-------- Available data
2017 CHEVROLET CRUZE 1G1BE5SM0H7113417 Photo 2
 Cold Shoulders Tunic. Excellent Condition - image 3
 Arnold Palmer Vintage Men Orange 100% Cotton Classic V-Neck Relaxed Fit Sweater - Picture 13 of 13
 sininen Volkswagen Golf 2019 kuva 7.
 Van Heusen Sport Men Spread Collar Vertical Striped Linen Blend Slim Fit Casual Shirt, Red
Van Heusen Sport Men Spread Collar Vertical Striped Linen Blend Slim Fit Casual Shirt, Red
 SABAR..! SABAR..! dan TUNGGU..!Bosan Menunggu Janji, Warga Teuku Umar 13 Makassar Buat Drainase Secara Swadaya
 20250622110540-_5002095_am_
----------------
*Task item*
Copy over exactly the lines above from the one with "Arnold Palmer Vintage" to the last, both included, and no others.

*Task solution*
 Arnold Palmer Vintage Men Orange 100% Cotton Classic V-Neck Relaxed Fit Sweater - Picture 13 of 13
 sininen Volkswagen Golf 2019 kuva 7.
 Van Heusen Sport Men Spread Collar Vertical Striped Linen Blend Slim Fit Casual Shirt, Red
Van Heusen Sport Men Spread Collar Vertical Striped Linen Blend Slim Fit Casual Shirt, Red
 SABAR..! SABAR..! dan TUNGGU..!Bosan Menunggu Janji, Warga Teuku Umar 13 Makassar Buat Drainase Secara Swadaya
 20250622110540-_5002095_am_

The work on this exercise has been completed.